L’idée de créer un événement en ligne autour de ces jeux wholesome ou cosy part comme une blague, mais trouve un écho chez des développeurs, qui commencent à travailler sur ce qui deviendra le Wholesome Direct. Hasard du calendrier, l’événement est officiellement annoncé le 11 mars, jour où l’E3, le plus influent des salons du jeu vidéo américain, annonce l’annulation de son édition 2020 pour cause de pandémie.

Des jeux comme des refuges

Tanya X. Short, développeuse de Mondo Museum, un jeu de gestion de musée, a découvert le jeu vidéo avec Bubble Bobble : un classique de 1988 très coloré, dans lequel deux bébés dinosaures capturaient des monstres dans des bulles. « J’étais assez garçon manqué et j’aimais aussi d’autres jeux comme l’adaptation des Tortues Ninja. Mais je trouvais du réconfort dans un jeu où le but principal était de manger des bonbons et des fruits. » Pour elle, un titre cosy est « un jeu qui fait vous sentir bien, qui vous nourrit émotionnellement plutôt que de vous épuiser. Pour moi, le réconfort, c’est le produit de la sécurité, de la douceur et de l’abondance. Par opposition à la rareté, qui est un ressort courant des jeux vidéo. »

Bienveillants, réconfortants… mais pas forcément gnangnan. Nicolas Guérin est français, mais installé au Québec. Il est directeur créatif de Spiritfarer, déjà identifié par Le Monde comme « l’un des jeux à surveiller en 2020 ». Le principe : une jeune femme remonte la rivière de la vie pour faire passer l’esprit d’animaux vers l’au-delà. « Nous nous permettons de parler de la mort de manière très crue et de laisser aux joueuses et joueurs expérimenter un fort sentiment de perte, mais en les entourant de délicatesse et d’humour. »

Pour lui, un jeu wholesome doit avant tout être une expérience positive, inclusive, mais aussi, engagée. « Il y a une volonté marquée de s’opposer à des tendances d’agression, de refus et de mépris. Wholesome, c’est essayer de comprendre, d’accepter la différence, de ne pas nuire, de construire plutôt que de détruire, de rassurer plutôt que d’inquiéter, d’avoir généralement de bonnes intentions. » Pour de nombreux joueurs et joueuses, et notamment pour celles et ceux qui ne se reconnaissent pas dans le profil type du joueur masculin, caucasien et hétérosexuel, ces jeux sont comme des refuges, loin des jugements et des agressions.
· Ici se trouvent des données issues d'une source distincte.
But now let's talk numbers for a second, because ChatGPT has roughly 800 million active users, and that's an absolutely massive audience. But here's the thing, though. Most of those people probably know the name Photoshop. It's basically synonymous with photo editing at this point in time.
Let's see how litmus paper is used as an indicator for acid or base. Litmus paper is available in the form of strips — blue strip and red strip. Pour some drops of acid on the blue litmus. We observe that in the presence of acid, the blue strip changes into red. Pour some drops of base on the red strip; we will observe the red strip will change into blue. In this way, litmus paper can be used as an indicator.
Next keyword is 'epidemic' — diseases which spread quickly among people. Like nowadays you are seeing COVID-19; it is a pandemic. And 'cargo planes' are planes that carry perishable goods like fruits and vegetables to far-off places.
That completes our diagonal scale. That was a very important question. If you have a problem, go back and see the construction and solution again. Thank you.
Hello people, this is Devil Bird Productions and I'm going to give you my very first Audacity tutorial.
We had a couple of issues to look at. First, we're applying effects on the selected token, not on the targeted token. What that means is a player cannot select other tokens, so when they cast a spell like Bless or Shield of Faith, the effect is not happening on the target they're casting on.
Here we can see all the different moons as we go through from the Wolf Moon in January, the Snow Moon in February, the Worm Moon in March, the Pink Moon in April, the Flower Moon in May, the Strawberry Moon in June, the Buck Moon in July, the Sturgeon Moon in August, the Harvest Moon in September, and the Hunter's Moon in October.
« Les jeux wholesome ne nient pas la dureté de la réalité », analyse Jenny Windom, qui travaille sur Garden Story, un jeu d’aventure dans lequel on dirige un grain de raisin tout rond. « Ils peuvent être mélancoliques, ou même tristes. Mais ils proposent un espace aux gens pour qu’ils puissent explorer ces sujets très sérieux dans un environnement où ils se sentiront en sécurité, et confortable. »

Et de citer Kind Words, titre expérimental, entre jeu vidéo et réseau social, qui a reçu en 2019 le grand prix de l’IndieCade Europe (dont Pixels était partenaire). Un jeu dans lequel, depuis le confort rassurant d’une chambre baignée d’une douce lumière automnale, on peut répondre, par courrier, aux angoisses des autres joueurs avec des mots rassurants.

Une envie de s’échapper

L’heure est-elle venue pour des jeux plus bienveillants ? Les développeurs interrogés ne s’attendant pas à un raz de marée. Mais tout de même. « Plus le monde est dur, cruel, dangereux, plus on a besoin de s’échapper du côté de jeux relaxants, pacifiques, amicaux », explique Perplamps, l’un des développeurs derrière Ooblet.
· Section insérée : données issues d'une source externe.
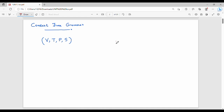Welcome, friends. In this video, we will introduce Context Free Grammar. First, we talk about regular languages and finite automata — DFA and NFA. The main drawback of regular languages is that we cannot represent all languages using finite automata. This is why we move on to learn Context Free Grammar.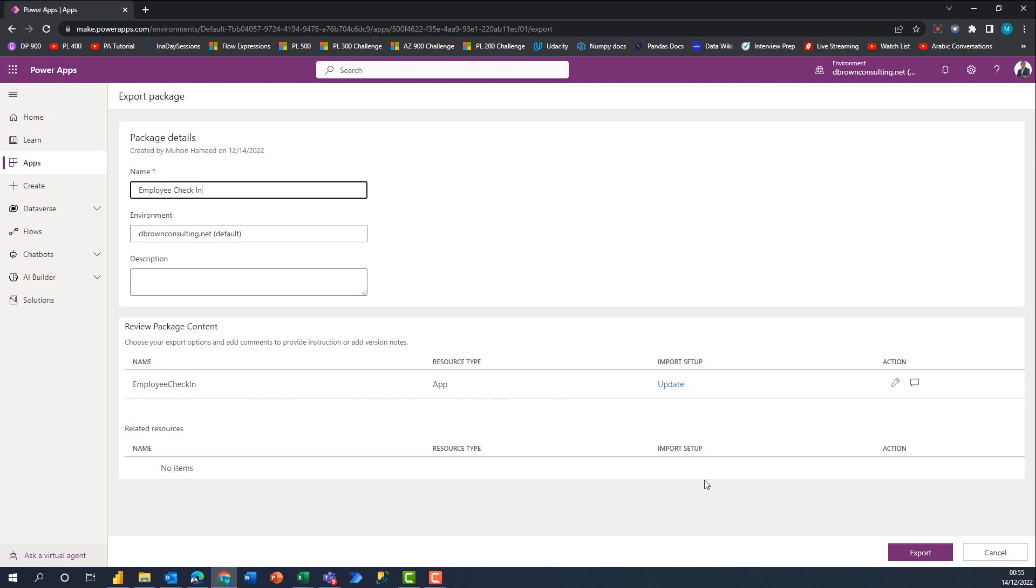There's nothing really special to set up here. These settings are for the import side of things. This Update button is about when you import - if you're importing into the same environment, how do you want the experience to be?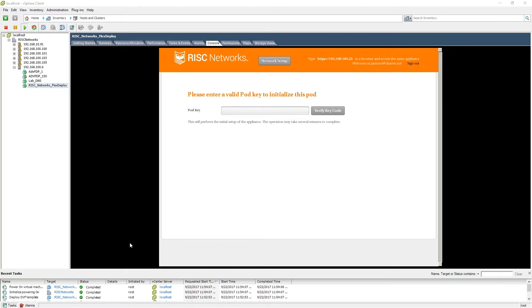When deploying the FlexDeploy pod, it is highly recommended to set a static IP address for the FlexDeploy pod. You will do so by selecting the network setup button at the top of the page.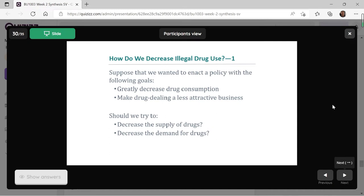Suppose we want to enact a policy to achieve the following goals: first, we want to greatly decrease drug consumption, and we want to make drug dealing a less attractive business. So how can we do this? Should we try to decrease the supply of drugs, act on the supply side, or should we try to decrease the demand for drugs? Let's have a look.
Dans cette simulation de vie, on cultive son jardin, un peu comme dans Stardew Valley – un gros succès de l’année 2016. « La science sauve des vies, mais c’est à l’art, bien exécuté, de leur donner du sens », surenchérit la développeuse de Mondo Museum, Tanya X. Short.

Matthew Taylor, co-organisateur du Wholesome Direct, l’assure pourtant : « Je n’ai pas créé Wholesome Games pour tenter de lutter contre les jeux violents. Je me suis simplement dit : “Ces jeux aussi sont super, ils peuvent rendre les gens heureux et changer leur perception de ce qu’un jeu peut être, alors tâchons de les faire connaître.” »

D’ailleurs, on peut tout à fait développer des jeux mignons et aimer aussi explorer des univers apocalyptiques. « C’est mon cas !, admet Jenny Windom, développeuse de Garden Story. Mais même les jeux qu’on peut difficilement considérer comme wholesome [à l’image du jeu de tir Fortnite] commencent à s’enrichir de ce genre d’éléments. C’est très excitant ! »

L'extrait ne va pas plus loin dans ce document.